Items from a data source:
------------------------------------------------------------------------

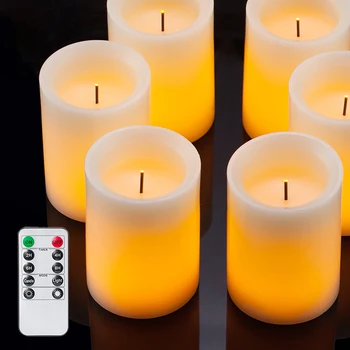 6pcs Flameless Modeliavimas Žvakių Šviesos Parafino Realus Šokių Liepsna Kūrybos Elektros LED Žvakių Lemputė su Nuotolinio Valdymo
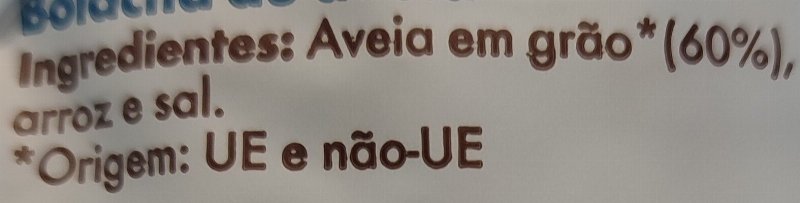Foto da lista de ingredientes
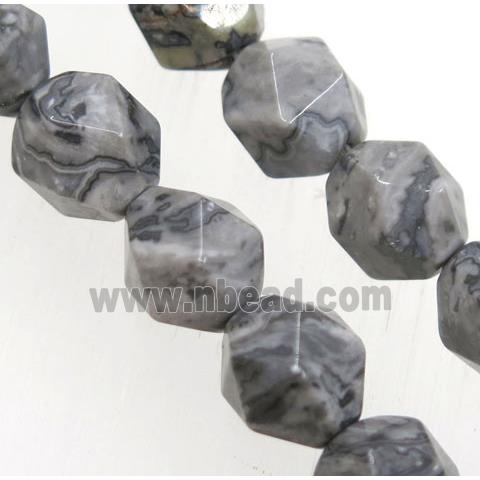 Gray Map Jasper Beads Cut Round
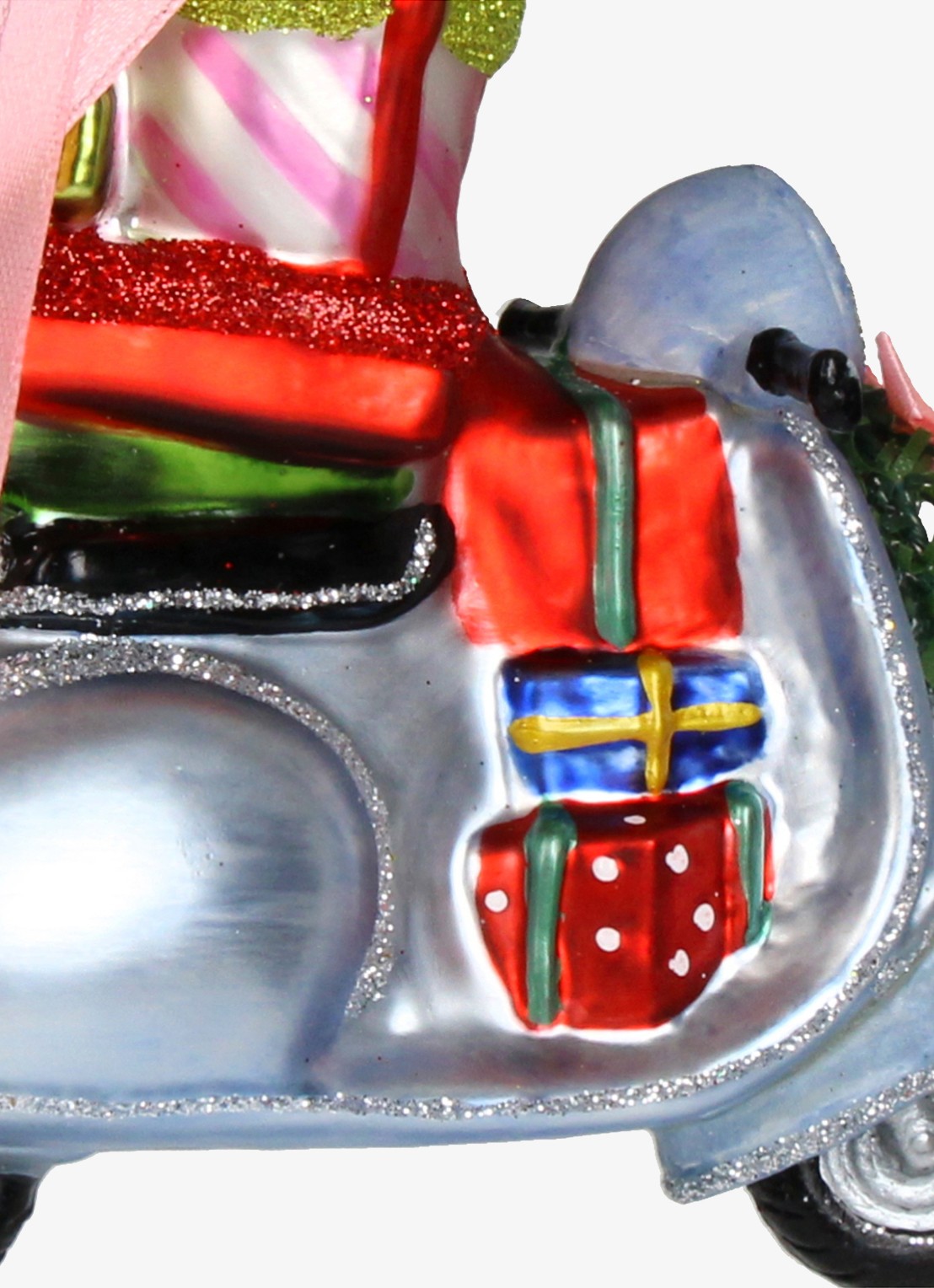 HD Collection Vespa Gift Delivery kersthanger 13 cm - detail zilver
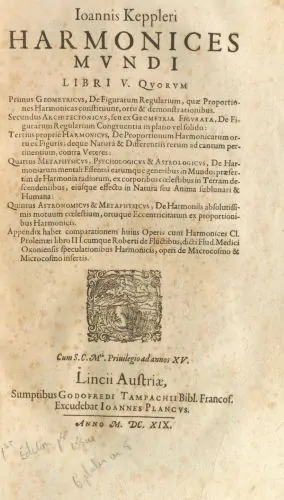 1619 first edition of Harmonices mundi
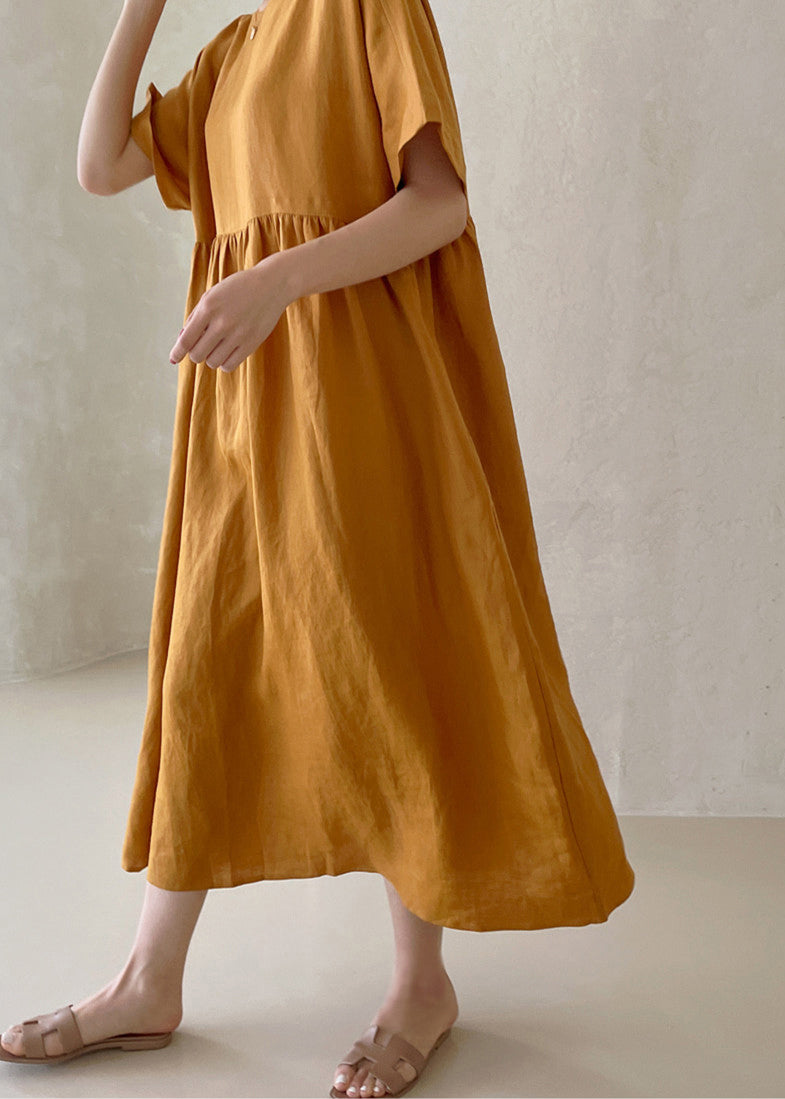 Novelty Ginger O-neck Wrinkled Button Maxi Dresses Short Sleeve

------------------------------------------------------------------------

Work instructions: Please copy exactly the lines from the one containing "HD Collection Vespa" through the last line of the records above, both included, and leave out any pictures.

Expected answer:
 HD Collection Vespa Gift Delivery kersthanger 13 cm - detail zilver
 1619 first edition of Harmonices mundi
 Novelty Ginger O-neck Wrinkled Button Maxi Dresses Short Sleeve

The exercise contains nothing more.